- _Stored data_
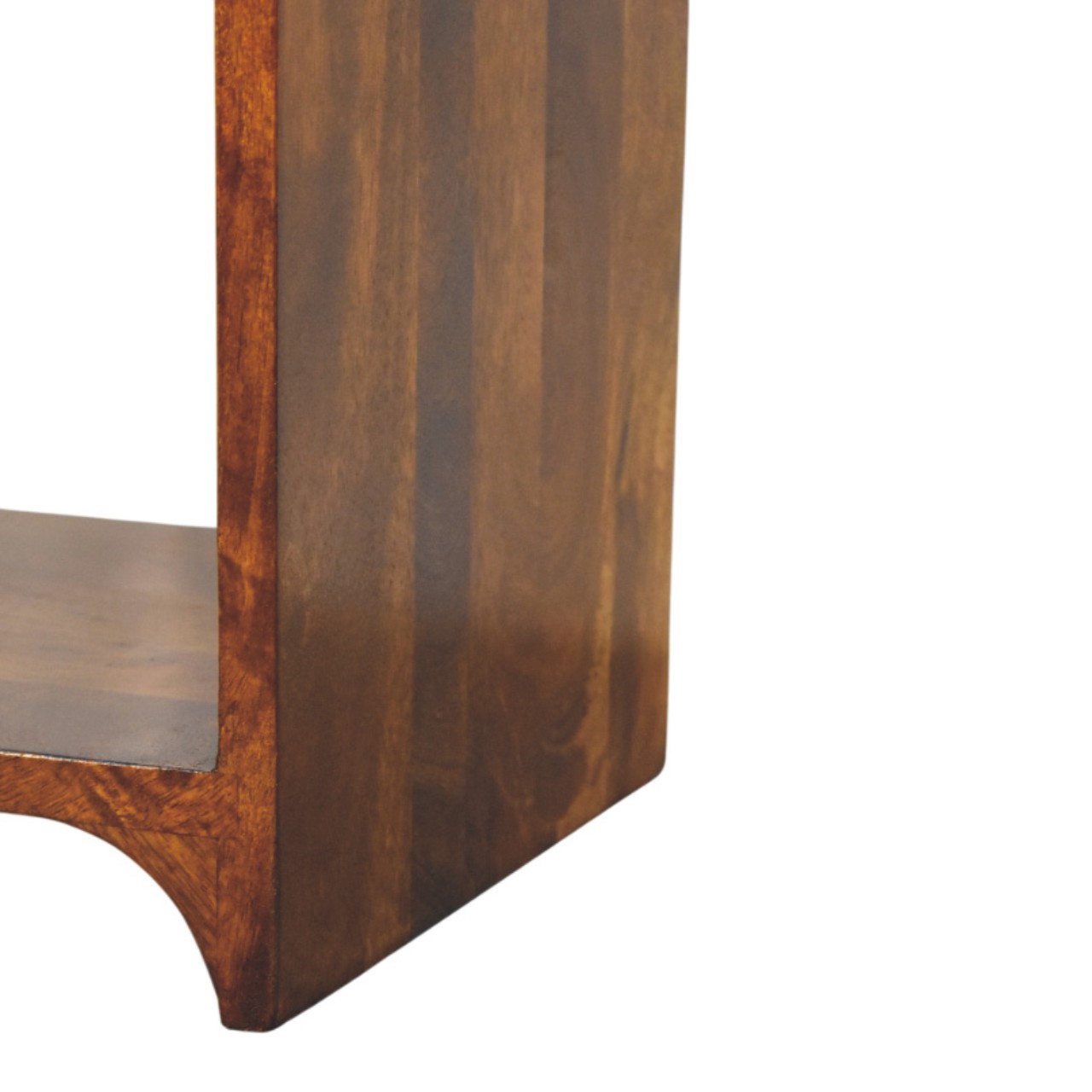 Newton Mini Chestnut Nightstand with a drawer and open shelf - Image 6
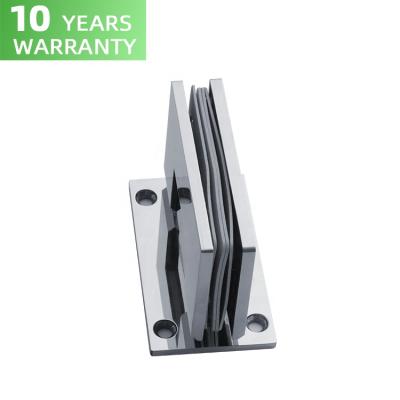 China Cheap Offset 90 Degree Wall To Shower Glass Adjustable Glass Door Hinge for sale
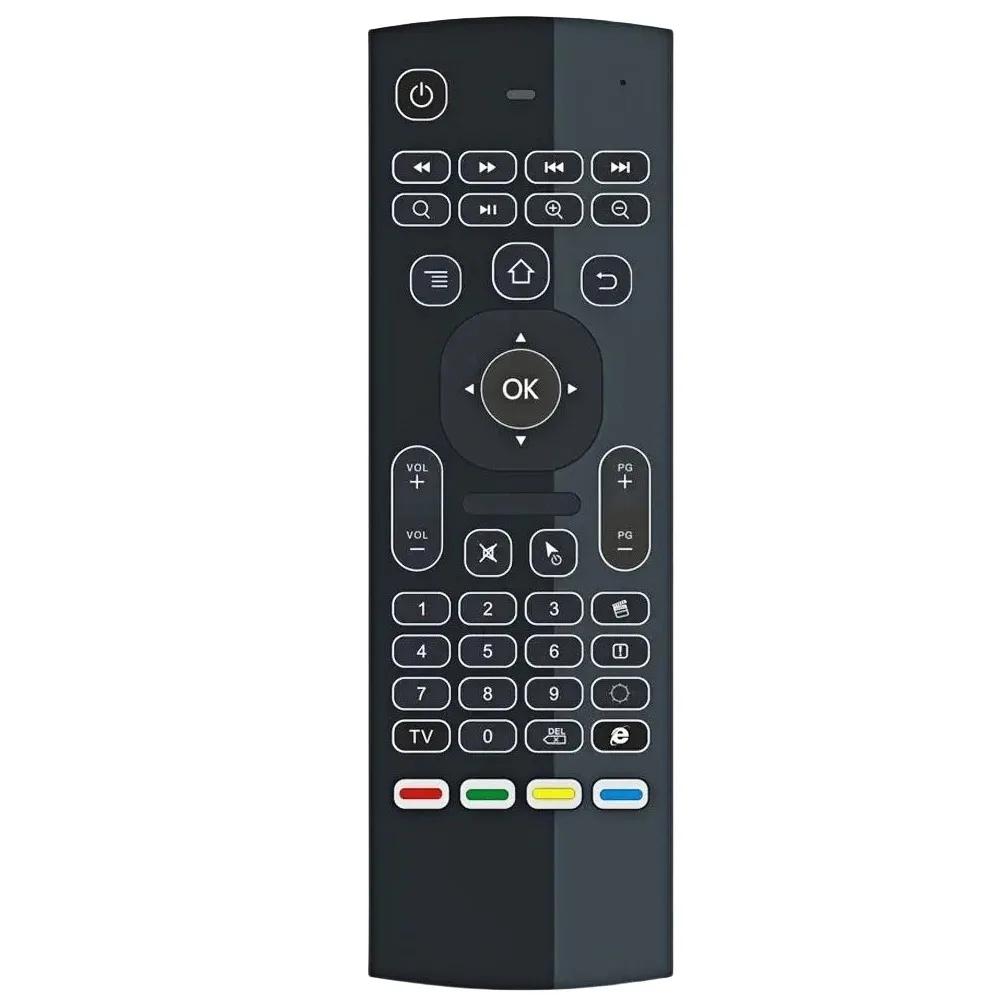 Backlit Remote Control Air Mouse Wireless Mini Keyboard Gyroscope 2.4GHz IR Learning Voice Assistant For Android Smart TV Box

- _What the task asks_
Copy out the material exactly as it stands, though no picture should appear in the copy.

- _Solution to this problem_
 Newton Mini Chestnut Nightstand with a drawer and open shelf - Image 6
 China Cheap Offset 90 Degree Wall To Shower Glass Adjustable Glass Door Hinge for sale
 Backlit Remote Control Air Mouse Wireless Mini Keyboard Gyroscope 2.4GHz IR Learning Voice Assistant For Android Smart TV Box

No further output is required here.